Dr. Bonny Ibhawoh, director of the Centre for Human Rights and Restorative Justice at McMaster University, said that while the U.S. is still viewed by many as a beacon of democracy, its global influence can be limited by notions of “American exceptionalism.” The U.S., he says, could learn from other countries’ examples. 

“I don’t think those two aspirations are mutually exclusive: learning from the rest of the world and yet being a model for the rest of the world,” he said.

A practical step towards that goal, he says, is the establishment of a national truth and reconciliation commission, which allows a country to formally acknowledge past injustices and learn their scope by giving victims a space to have the societal wrongdoing recorded. The temporary commission then reports their findings to the government, offering recommendations for redress.

“It’s not that it solves all the problems, but it begins the conversation. And I think that’s what is sorely needed particularly in the States: the conversation,” said Ibhawoh, who has studied truth commissions for over two decades.

More than 40 countries from Chile to Canada have established truth commissions, the goal healing for victims and perpetrators alike, as opposed to retributive justice, the most well known example being the Nuremberg Trials, explains Ibhawoh. Kenya established a truth commission in 2008, following political violence in the wake of a presidential election during which claims of voter fraud were widespread. Most famously perhaps, South Africa created one such commission to investigate racial violence during apartheid. South African President Cyril Ramaphosa expressed his country’s willingness to help the U.S. through the current divisiveness through the African nation’s own experience of healing in the wake of political violence.
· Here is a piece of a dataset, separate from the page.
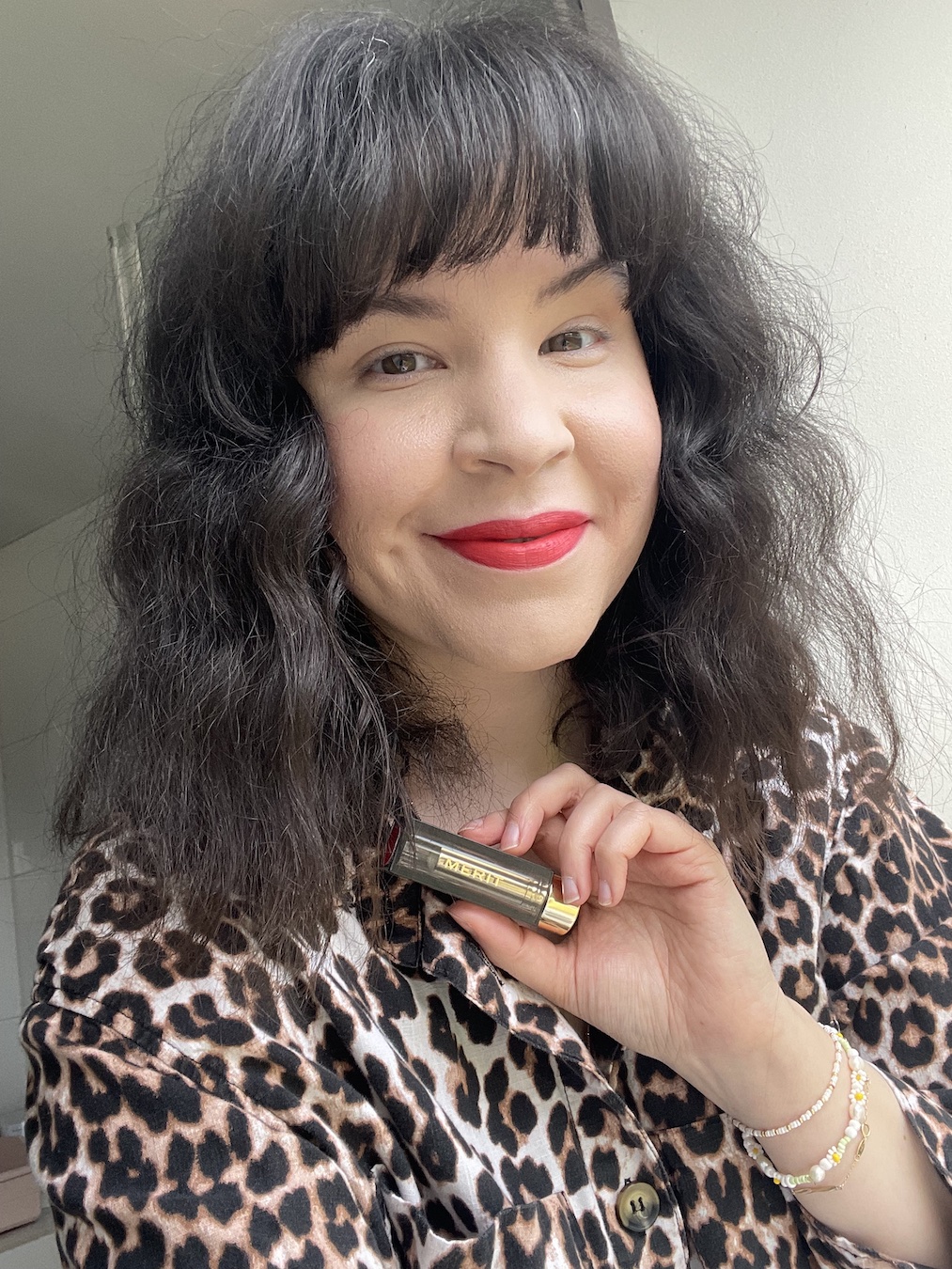 Mica Ricketts wearing Merit matte lipstick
“One of the things a lot of people will agree with is… that if the commission did one thing, it was that it revealed the depth of the injustices, inhumanity and atrocities of apartheid,” he said. “You’ll be hard pressed to find anyone in South Africa today from school kids to adults who don’t who raise this question about the injustice of apartheid, because there were hearings, all around the country – public hearings that were telecast on TV – that heard from both perpetrators and victims. So, even though it might have fallen short of its other goals of reconciliation… it made it an open national conversation, which I think will be the first step in the United States, so we can, at least for once, agree on what the Confederate flag means: is it heritage, or is it hate?”

Ibhawoh, an expert in global human rights, says that the U.S. is still an inspiration for many who seek to foster democratic freedoms in their country, and that inspiration comes not from a notion of “American exceptionalism, but from its tradition of building a “more perfect union, “the fact that the United States, isn’t perfect, that it’s continually strive to ‘live out the full meaning of its creed,’ in the words of Martin Luther King.”

“A truth commission would be in keeping with a tradition that the racial divisions in the United States haven’t stopped the country from projecting that ideal in the past,” he said, “…that tradition of the United States trying, increasingly over the decades, to repair some of the imperfections in its body politic.”